By Ali Arqam
It is heartbreaking to see the worst of your nightmares come to reality. But as they say, “You learned to run from what you feel, and that’s why you have nightmares.”
It was 2011 when I visited Larkana with one of my more learned friends Dr Hidayat Ali Shah. The flags of Pakistan People’s Party (PPP) and that of Jiye Sindh Qaumi Mahaz (JSQM) could be seen hoisted over electric poles at Mir Murtaza Bhutto Chowk. However, the flag which was bigger and stood taller than both was that of the banned sectarian organization Sipah Sahaba Pakistan (SSP) rechristened as Ahle Sunnat Wal Jamat (ASWJ). The sight brought uneasiness to my mind replacing the warmth regarding the city known as the stronghold of one of the most significant political forces and the home of Bhuttos.
Being a resident of Karachi, I have witnessed violence with different facets, conflicting claims and turf wars.

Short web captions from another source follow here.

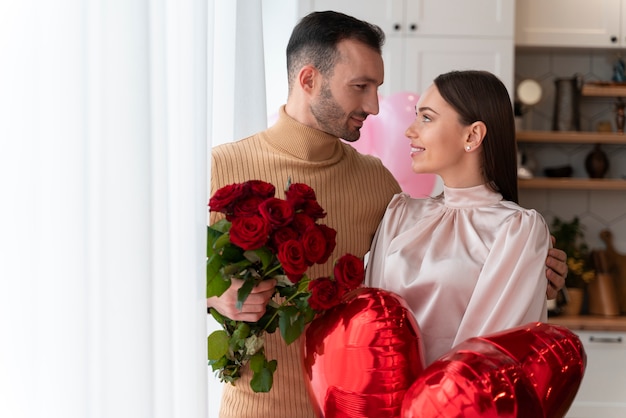 Couple enjoying valentines day celebration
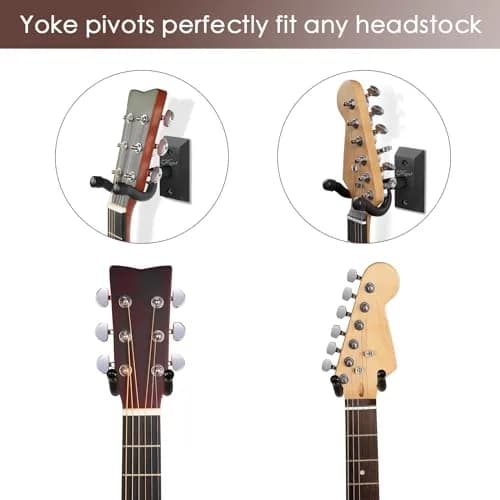 SNIGJAT Guitar Wall Mount 2 Pack, Matte Black Hardwood Guitar Hanger with Rotatable Yoke | Holds up to 20 lbs thumbnail 4
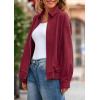imagePRETTYGARDEN Faux Suede Bomber Jacket Women Fall Fashion 2026 Casual Zip Up Oversized Trendy Winter Clothing Outerwear CoatsBurgundy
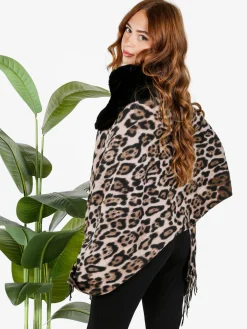 Gian Marco Venturi Mantella donna animalier con scollo in ecopelliccia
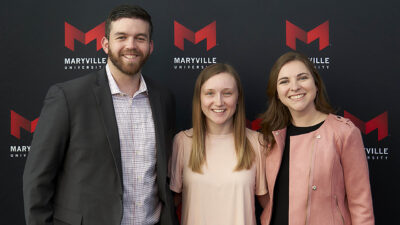 Mark Cohen and Michelle Stading Cohen with Michelle Dollins at the Maryville University Scholarship Reception.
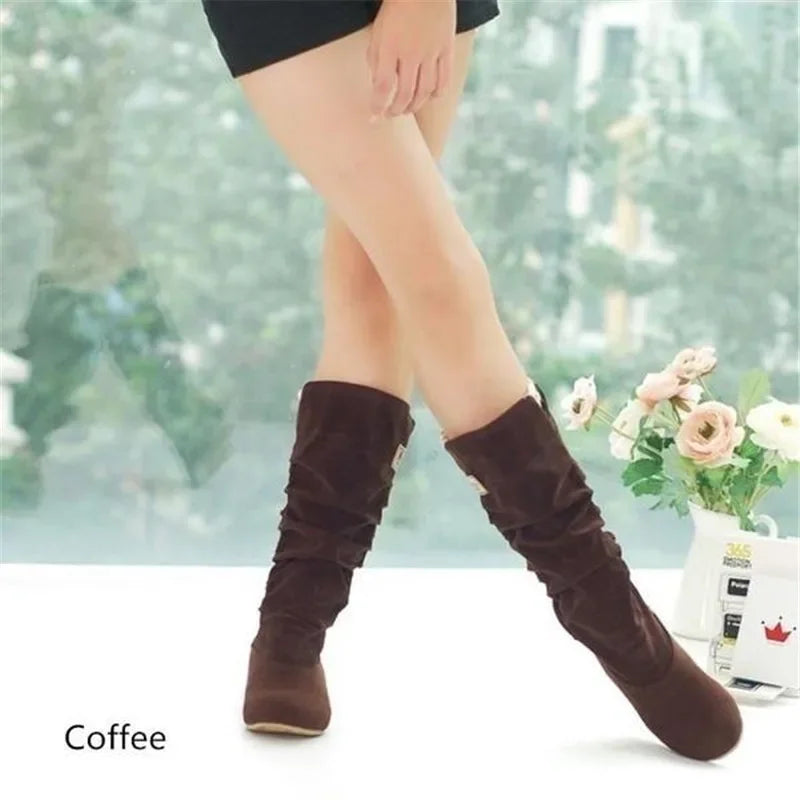 2024 Women Lace Flat Heels Winter Snow Boot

I can understand the symbolism attached to party flags, which serve the purpose of proclaiming influence and in some cases showcase the ability to inflict violence.
A few years back I posted a picture from a Karachi square on social media, in which the flag of ASWJ was prominent among a dozen MQM flags that were encircling it. An MQM lawmaker responded with an exclamatory remark: Elections!